## Exercise details
Find the line with "Close-up of a worn" in the entries below, then reproduce it and every line after it down to and including the line with "Spodnie High Waist", exactly.

Stored entries:
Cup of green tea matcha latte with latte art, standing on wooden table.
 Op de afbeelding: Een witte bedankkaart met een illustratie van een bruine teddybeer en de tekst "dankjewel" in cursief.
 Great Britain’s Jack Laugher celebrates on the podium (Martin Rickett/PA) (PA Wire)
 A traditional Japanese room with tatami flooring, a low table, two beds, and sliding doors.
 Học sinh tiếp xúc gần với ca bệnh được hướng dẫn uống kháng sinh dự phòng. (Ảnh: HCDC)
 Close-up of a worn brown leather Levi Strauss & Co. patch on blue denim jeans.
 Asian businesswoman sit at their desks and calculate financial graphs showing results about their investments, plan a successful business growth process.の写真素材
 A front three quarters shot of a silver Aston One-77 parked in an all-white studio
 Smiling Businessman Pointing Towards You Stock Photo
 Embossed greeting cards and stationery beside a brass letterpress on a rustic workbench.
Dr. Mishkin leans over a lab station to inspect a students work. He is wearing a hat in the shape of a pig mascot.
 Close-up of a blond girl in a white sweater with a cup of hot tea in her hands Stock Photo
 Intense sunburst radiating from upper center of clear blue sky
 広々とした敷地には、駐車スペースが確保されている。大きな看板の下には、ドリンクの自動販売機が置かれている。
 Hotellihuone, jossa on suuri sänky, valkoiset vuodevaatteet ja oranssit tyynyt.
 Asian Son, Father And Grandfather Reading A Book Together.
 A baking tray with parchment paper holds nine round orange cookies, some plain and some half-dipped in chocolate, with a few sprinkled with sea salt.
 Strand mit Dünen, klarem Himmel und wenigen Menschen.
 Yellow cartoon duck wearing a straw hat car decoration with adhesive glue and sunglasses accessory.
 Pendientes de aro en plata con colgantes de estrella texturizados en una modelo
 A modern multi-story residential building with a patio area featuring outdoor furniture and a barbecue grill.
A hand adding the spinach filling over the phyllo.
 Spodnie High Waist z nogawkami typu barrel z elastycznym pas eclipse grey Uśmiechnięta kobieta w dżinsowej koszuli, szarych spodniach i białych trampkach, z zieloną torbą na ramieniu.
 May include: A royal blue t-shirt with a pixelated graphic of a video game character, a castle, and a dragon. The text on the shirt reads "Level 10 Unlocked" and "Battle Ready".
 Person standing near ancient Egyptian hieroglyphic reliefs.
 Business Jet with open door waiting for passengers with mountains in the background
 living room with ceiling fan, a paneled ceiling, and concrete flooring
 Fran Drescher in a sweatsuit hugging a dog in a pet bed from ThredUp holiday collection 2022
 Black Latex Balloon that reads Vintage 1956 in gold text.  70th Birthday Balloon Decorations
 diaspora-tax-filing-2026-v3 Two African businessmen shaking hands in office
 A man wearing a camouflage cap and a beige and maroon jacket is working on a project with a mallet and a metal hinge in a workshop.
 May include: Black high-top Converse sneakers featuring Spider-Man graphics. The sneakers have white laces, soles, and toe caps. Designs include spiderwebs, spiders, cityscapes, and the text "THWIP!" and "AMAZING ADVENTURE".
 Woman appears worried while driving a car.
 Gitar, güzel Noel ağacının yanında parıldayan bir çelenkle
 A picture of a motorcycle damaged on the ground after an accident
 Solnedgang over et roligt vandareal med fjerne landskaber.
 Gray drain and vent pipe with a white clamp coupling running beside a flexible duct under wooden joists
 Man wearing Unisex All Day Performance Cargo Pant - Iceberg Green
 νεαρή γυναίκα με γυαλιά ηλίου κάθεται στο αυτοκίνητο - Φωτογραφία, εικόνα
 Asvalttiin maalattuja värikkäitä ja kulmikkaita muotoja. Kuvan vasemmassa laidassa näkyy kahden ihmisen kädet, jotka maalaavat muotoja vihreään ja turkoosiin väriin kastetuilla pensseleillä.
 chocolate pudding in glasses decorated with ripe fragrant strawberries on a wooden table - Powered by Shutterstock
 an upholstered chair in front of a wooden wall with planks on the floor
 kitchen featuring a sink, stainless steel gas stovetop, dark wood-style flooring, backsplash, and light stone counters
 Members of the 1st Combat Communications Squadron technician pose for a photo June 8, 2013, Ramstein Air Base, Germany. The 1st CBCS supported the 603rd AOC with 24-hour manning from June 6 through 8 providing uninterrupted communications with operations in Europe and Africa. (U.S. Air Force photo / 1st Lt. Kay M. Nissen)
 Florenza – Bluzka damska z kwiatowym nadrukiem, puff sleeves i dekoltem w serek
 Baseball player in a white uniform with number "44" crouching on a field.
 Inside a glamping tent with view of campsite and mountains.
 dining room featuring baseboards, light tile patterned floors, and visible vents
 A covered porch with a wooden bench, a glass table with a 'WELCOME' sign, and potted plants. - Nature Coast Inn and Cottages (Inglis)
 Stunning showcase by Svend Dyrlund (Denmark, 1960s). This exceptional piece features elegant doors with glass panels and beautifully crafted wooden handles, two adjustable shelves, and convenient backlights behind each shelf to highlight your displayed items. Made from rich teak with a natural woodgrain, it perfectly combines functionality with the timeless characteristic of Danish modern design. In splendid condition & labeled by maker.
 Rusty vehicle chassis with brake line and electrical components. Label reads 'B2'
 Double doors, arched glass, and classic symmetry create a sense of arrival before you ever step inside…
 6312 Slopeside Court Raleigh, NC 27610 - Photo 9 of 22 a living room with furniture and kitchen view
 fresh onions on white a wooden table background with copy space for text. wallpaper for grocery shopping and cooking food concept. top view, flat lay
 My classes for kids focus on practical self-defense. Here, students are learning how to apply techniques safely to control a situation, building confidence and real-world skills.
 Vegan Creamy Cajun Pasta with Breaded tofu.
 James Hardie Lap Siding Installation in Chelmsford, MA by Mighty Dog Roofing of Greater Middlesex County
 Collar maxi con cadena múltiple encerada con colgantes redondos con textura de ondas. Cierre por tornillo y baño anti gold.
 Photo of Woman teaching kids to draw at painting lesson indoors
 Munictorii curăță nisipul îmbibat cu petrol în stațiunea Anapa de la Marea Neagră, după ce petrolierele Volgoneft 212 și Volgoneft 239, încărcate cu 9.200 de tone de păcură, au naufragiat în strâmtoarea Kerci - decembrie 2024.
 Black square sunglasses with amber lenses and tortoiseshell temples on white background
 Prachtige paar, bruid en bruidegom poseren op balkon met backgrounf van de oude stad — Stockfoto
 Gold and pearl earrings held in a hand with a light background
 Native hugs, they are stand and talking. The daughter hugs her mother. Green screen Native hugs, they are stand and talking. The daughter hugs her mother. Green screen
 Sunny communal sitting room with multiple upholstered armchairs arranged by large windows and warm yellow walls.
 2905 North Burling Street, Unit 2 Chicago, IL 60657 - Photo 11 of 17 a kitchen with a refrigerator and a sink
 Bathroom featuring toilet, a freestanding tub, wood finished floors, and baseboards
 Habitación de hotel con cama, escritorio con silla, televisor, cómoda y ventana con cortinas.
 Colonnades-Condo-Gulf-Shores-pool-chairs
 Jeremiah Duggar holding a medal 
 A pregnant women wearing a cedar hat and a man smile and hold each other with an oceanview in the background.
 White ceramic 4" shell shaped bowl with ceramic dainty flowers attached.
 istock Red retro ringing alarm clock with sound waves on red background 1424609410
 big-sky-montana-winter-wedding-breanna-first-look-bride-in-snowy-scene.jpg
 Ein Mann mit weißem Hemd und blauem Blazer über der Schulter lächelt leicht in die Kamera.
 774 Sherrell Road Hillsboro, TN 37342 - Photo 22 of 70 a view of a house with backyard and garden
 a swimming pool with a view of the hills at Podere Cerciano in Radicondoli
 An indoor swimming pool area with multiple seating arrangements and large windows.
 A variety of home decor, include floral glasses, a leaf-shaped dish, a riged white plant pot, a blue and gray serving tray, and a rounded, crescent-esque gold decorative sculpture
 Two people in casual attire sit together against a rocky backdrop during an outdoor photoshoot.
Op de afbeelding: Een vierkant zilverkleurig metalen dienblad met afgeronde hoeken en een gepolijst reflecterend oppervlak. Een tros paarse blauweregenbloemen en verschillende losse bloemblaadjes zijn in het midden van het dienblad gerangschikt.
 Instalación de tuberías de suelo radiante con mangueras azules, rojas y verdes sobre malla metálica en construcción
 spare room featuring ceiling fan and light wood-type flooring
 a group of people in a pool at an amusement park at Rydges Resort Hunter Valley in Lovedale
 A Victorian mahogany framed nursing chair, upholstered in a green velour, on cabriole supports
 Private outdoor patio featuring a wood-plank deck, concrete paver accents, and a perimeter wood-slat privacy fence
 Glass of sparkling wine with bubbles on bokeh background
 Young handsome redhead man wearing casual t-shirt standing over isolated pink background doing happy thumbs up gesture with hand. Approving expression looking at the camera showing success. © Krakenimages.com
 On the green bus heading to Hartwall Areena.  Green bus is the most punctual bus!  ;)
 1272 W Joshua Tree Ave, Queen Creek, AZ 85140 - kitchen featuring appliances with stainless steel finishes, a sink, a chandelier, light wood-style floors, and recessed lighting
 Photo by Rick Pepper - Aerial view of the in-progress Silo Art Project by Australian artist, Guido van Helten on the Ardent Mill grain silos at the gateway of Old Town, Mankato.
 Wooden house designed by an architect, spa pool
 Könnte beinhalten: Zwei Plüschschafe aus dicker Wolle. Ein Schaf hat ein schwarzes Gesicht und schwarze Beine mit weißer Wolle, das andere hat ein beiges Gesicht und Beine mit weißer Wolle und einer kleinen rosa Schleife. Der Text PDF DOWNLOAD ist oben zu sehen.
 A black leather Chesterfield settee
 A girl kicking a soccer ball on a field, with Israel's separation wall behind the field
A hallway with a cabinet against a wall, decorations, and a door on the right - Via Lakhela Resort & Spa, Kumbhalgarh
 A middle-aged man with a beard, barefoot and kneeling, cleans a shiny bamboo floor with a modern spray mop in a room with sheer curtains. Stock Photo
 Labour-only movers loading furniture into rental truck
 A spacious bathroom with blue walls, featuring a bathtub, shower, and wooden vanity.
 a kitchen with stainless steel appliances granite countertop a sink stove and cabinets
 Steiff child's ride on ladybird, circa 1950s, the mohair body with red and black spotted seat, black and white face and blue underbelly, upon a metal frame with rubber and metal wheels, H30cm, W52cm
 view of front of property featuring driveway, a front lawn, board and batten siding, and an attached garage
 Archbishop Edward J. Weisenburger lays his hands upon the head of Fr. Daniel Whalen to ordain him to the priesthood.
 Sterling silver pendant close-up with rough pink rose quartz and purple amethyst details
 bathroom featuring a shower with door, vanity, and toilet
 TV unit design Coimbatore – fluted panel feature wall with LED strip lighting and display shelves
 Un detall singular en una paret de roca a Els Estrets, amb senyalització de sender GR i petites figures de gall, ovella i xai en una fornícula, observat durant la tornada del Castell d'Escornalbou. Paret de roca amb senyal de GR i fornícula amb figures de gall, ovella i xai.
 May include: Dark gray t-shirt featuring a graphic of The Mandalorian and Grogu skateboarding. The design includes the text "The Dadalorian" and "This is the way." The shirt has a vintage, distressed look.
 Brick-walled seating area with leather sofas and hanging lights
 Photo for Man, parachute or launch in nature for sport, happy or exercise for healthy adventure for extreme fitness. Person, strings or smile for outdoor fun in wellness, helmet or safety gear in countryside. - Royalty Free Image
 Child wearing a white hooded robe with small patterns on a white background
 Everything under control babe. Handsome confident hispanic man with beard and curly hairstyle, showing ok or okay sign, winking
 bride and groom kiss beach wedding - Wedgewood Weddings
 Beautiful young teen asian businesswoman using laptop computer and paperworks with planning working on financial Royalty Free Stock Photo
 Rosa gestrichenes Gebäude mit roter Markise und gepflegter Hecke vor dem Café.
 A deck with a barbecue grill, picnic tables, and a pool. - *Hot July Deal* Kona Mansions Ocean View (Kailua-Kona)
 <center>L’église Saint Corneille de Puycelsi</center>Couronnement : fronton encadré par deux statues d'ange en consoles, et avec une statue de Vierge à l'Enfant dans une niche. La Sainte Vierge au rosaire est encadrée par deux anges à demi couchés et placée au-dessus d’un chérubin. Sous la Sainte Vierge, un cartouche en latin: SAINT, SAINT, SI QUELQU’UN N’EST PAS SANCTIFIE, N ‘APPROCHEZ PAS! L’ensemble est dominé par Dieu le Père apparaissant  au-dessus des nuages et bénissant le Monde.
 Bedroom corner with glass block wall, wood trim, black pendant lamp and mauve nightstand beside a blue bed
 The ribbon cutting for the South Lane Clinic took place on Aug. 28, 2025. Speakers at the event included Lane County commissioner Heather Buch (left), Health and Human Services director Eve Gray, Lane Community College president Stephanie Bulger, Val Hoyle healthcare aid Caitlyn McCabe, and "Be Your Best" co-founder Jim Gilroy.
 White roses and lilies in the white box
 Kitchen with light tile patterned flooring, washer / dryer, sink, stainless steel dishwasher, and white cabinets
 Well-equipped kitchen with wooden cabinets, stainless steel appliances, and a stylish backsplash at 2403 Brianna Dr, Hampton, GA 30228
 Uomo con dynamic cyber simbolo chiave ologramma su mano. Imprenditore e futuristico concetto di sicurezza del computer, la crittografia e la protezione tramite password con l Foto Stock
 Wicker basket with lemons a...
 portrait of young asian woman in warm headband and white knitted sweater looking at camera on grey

## Result
 Close-up of a worn brown leather Levi Strauss & Co. patch on blue denim jeans.
 Asian businesswoman sit at their desks and calculate financial graphs showing results about their investments, plan a successful business growth process.の写真素材
 A front three quarters shot of a silver Aston One-77 parked in an all-white studio
 Smiling Businessman Pointing Towards You Stock Photo
 Embossed greeting cards and stationery beside a brass letterpress on a rustic workbench.
Dr. Mishkin leans over a lab station to inspect a students work. He is wearing a hat in the shape of a pig mascot.
 Close-up of a blond girl in a white sweater with a cup of hot tea in her hands Stock Photo
 Intense sunburst radiating from upper center of clear blue sky
 広々とした敷地には、駐車スペースが確保されている。大きな看板の下には、ドリンクの自動販売機が置かれている。
 Hotellihuone, jossa on suuri sänky, valkoiset vuodevaatteet ja oranssit tyynyt.
 Asian Son, Father And Grandfather Reading A Book Together.
 A baking tray with parchment paper holds nine round orange cookies, some plain and some half-dipped in chocolate, with a few sprinkled with sea salt.
 Strand mit Dünen, klarem Himmel und wenigen Menschen.
 Yellow cartoon duck wearing a straw hat car decoration with adhesive glue and sunglasses accessory.
 Pendientes de aro en plata con colgantes de estrella texturizados en una modelo
 A modern multi-story residential building with a patio area featuring outdoor furniture and a barbecue grill.
A hand adding the spinach filling over the phyllo.
 Spodnie High Waist z nogawkami typu barrel z elastycznym pas eclipse grey Uśmiechnięta kobieta w dżinsowej koszuli, szarych spodniach i białych trampkach, z zieloną torbą na ramieniu.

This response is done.